═══ The input
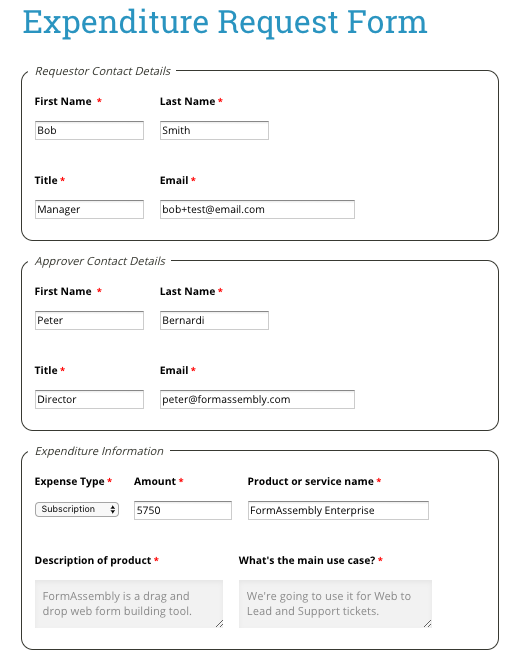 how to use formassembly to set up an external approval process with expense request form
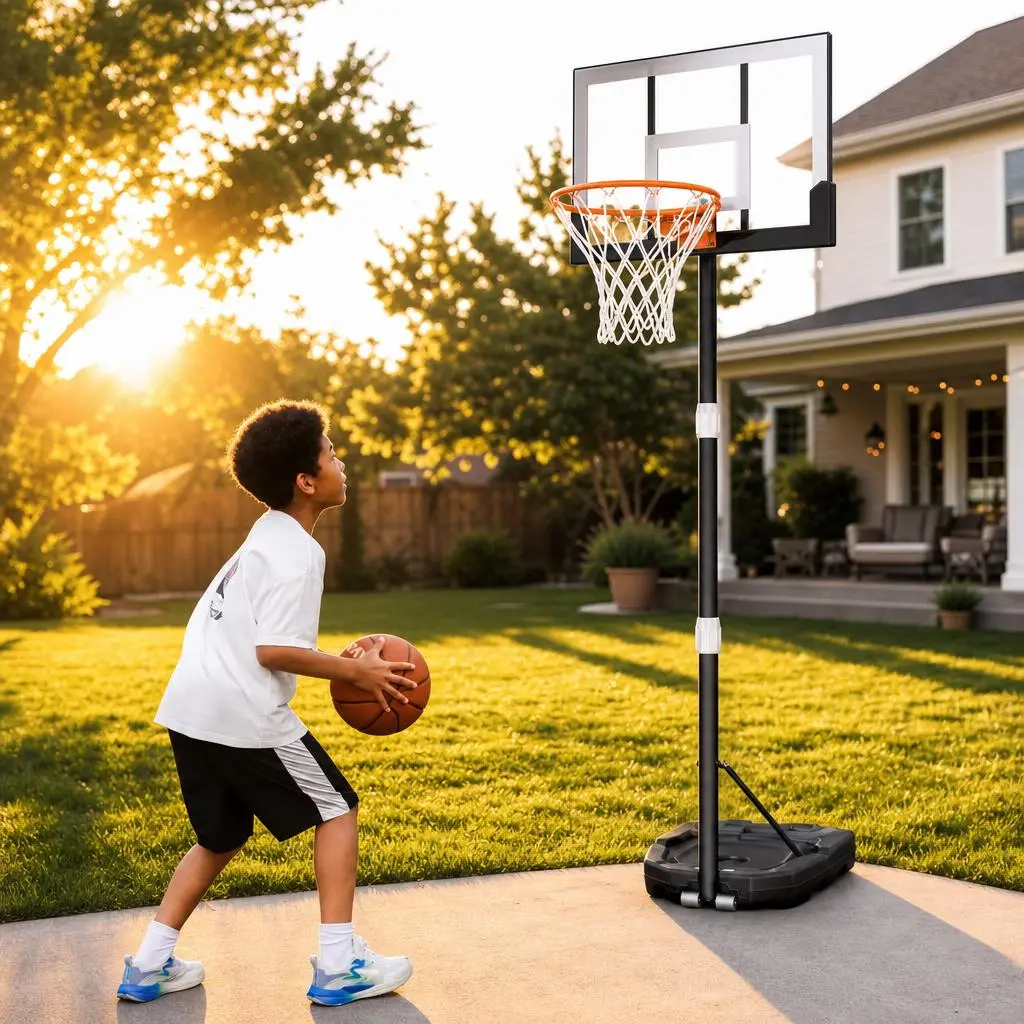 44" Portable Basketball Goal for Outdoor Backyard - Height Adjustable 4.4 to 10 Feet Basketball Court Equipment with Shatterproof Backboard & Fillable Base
══════
═══ The input
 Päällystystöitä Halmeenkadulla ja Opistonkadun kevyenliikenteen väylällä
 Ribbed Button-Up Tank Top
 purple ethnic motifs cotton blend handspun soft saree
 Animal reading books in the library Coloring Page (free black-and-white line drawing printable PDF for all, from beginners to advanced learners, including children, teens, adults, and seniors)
══════
═══ The input
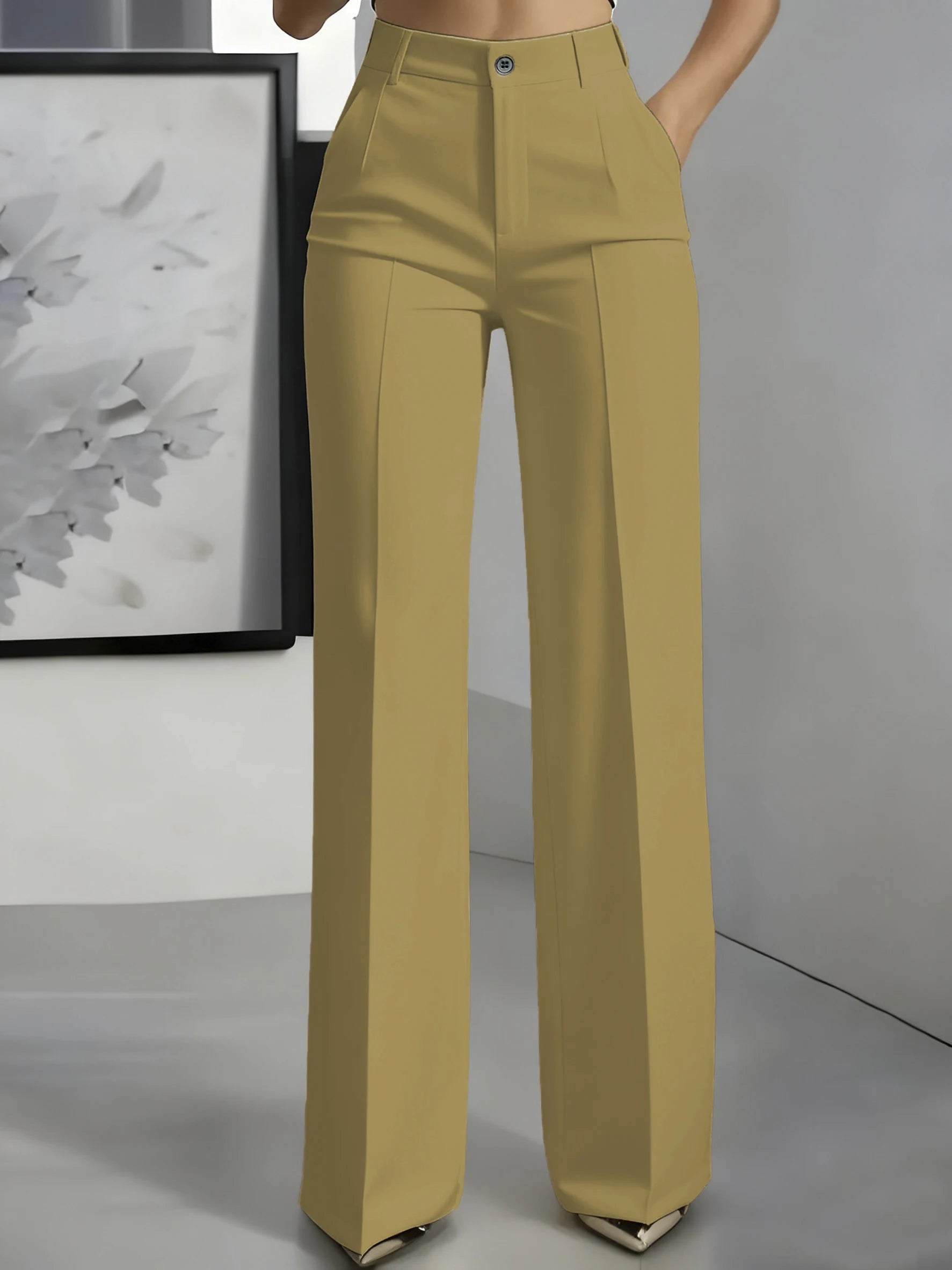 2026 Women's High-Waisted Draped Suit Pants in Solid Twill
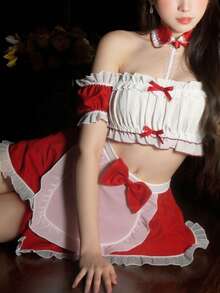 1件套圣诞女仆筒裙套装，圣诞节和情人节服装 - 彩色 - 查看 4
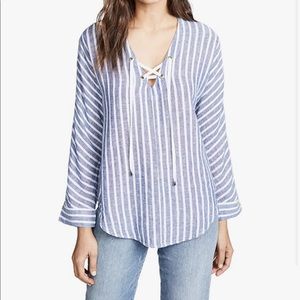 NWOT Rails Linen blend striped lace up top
══════
**Directions:** The lines to extract from the data above begin with the line containing "Ribbed Button-Up Tank Top" and end with the line containing "Animal reading books". Extract them exactly, including both.

**Response for this exercise:**
 Ribbed Button-Up Tank Top
 purple ethnic motifs cotton blend handspun soft saree
 Animal reading books in the library Coloring Page (free black-and-white line drawing printable PDF for all, from beginners to advanced learners, including children, teens, adults, and seniors)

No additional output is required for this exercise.